1,100 acres/ 2.5 hectares/acre = 440 ha.
Therefore, the oil-yield = 1.43 x 10^4 t/440 ha = 32.6 tonnes/ha. To "grow" this much oil would take: 7.19 x 10^8 tonnes/32.6 t/ha = 2.21 x 10^7 ha.
If the total area of the US is 9.8 x 10^8 ha (that's land plus water), and the US fuel consumption may be estimated as 0.25 (one quarter if the world's total) x 0.7 (proportion of oil used for transport) x 30 x 10^9 barrels/7.3 barrels/tonne = 7.19 x 10^8 tonnes, to grow enough algae to produce an equivalent amount of algal oil would take:
2.21 x 10^7 ha/9.8 x 10^8 ha = 2.3% of total US area.
For the entire world, the requisite land area is 4 x that = 8.84 x 10^7 ha, to be compared with a total surface area of around 500 million km^2 (about 147 million km^2 being land), or <0.2% of it.
If the UK switched all its transportation over to diesel engines, which are more efficient in terms of tank to wheel miles than spark-ignition engines that burn petrol (gasoline), we would need 40 million tonnes of oil (assuming oil = diesel, since the actual yields of diesel from oil are uncertain).
This amounts to: 40 x 10^6 tonnes /32.6 t/ha = 1.23 x 10^6 ha, which is about 5% of the total area of the UK mainland.
So, what about the photosynthetic efficiencies incurred?
(1) I am taking a good-mean of 5 kWh/m^2/day. Quite often, values of W/m^2 are quoted over the whole year, which is a bit misleading, since the solar radiation hitting the Earth (insolation) varies from region to region and according to time of day and the changing seasons. However, dividing 5 kwh/m^2/day by 24 hours gives around 200 W/m^2, to be compared with around 350 W/m^2 hitting the top of the atmosphere, as an annual mean. This would correspond to a sunny clime, e.g. Arizona, Australia or central Africa; it is probably less than half this for northern Europe.
Expressing the insolation as kWh/day is more realistic however. Hence:
5 x 10^3 Wh/day x 365 days x 3600 s/h= 6.57 x 10^9 W/m^2/year. Since W = J/s, we have:
6.57 x 10^9 W/m^2/year x 10,000 m^2/ha = 6.57 x 10^13 J/ha/year (i.e. the amount of solar energy falling on each hectare of land).
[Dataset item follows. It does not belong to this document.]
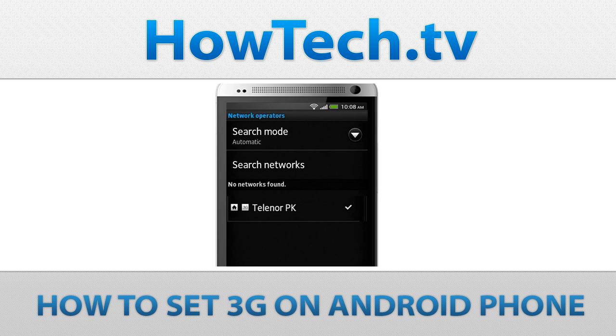Follow this step-by-step tutorial to learn how to set 3G on Android phone. 3G service is known as the high-speed access to voice and data technology. Considered the third generation of cellular telecommunications technology, 3G network is necessary for multimedia applications like video and broadband services.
If we assume that "diesel" uniformly contains 42 GJ/tonne of energy, each ha yields:
32.6 x 42 x 10^9 = 1.37 x 10^12 J.
Thus, the PSE on oil is: 1.37 x 10^12/6.57 x 10^13 = 2.1%.
But only 22% of the total is oil and the rest is (other) "biomass". If we assume that 1 tonne of biomass contains 15 GJ of energy (about the same as for glucose), we have:
32.6 tonnes x 15 x 10^9 x (100-22/22) = 1.73 x 10^12 J/ha, which gives a PSE of:
1.73 x 10^12/6.57 x 10^13 = 2.6%, and so the overall PSE for the PetroSun process is 2.1% + 2.6% = 4.7%
(2) Now this seems quite reasonable, and is in the 6% "ballpark" usually given for the amount of the total solar radiation that is used by plants in photosynthesis, as I have described previously. However, at 32.6 tonnes of oil per hectare, the yield is rather less than the 5,000 - 20,000 gallons/acre quoted in Wikipedia  for algal oil production.
5,000 gals/acre = 12,350 gals/acre = 12,350 x 3.875 = 47,856 l/ha, and assuming a density of 0.84 tonnes/m^2, this amounts to 40.2 t/ha, as the lower estimate.
[Assuming, again, a sunny 5 kWh/day or 6.57 x 10^13 J/ha/year], if 50% of the algae is oil with an energy content of 42 GJ/tonne, it contains: 40.2 x 42 x 10^9 = 1.69 x 10^12 J, which equates to a PSE of 1.69 x 10^12/6.57 x 10^13 = 2.6%.
Then there must be another 50% of "other" biomass, which at 15 GJ/tonne, amounts to:
40.2 x 15 x 10^9 = 6.03 x 10^11 J (PSE = 0.9%), and so the total energy of this high-oil crop = 1.69 x 10^12 + 6.03 x 10^11 = 2.29 x 10^12 J, giving a total PSE of 3.5%, which is also reasonable.
I am worried, however, about the upper Wikipedia limit of "20,000 gallons/acre". At 4x the above this implies a PSE of 3.5% x 4 = 14%! which seems far too high, being above the theoretical PSE limit, at which around 12.7% of the entire insolation is usefully absorbed by a photosynthetic entity. It is conceivable that special methods are employed to increase the yields, e.g. CO2-injection or forced-UV conditions to increase the PAR of the solar spectrum. At any rate it could not be achieved in standard open-pond systems. If someone can prove me wrong here I should be most interested in knowing the details.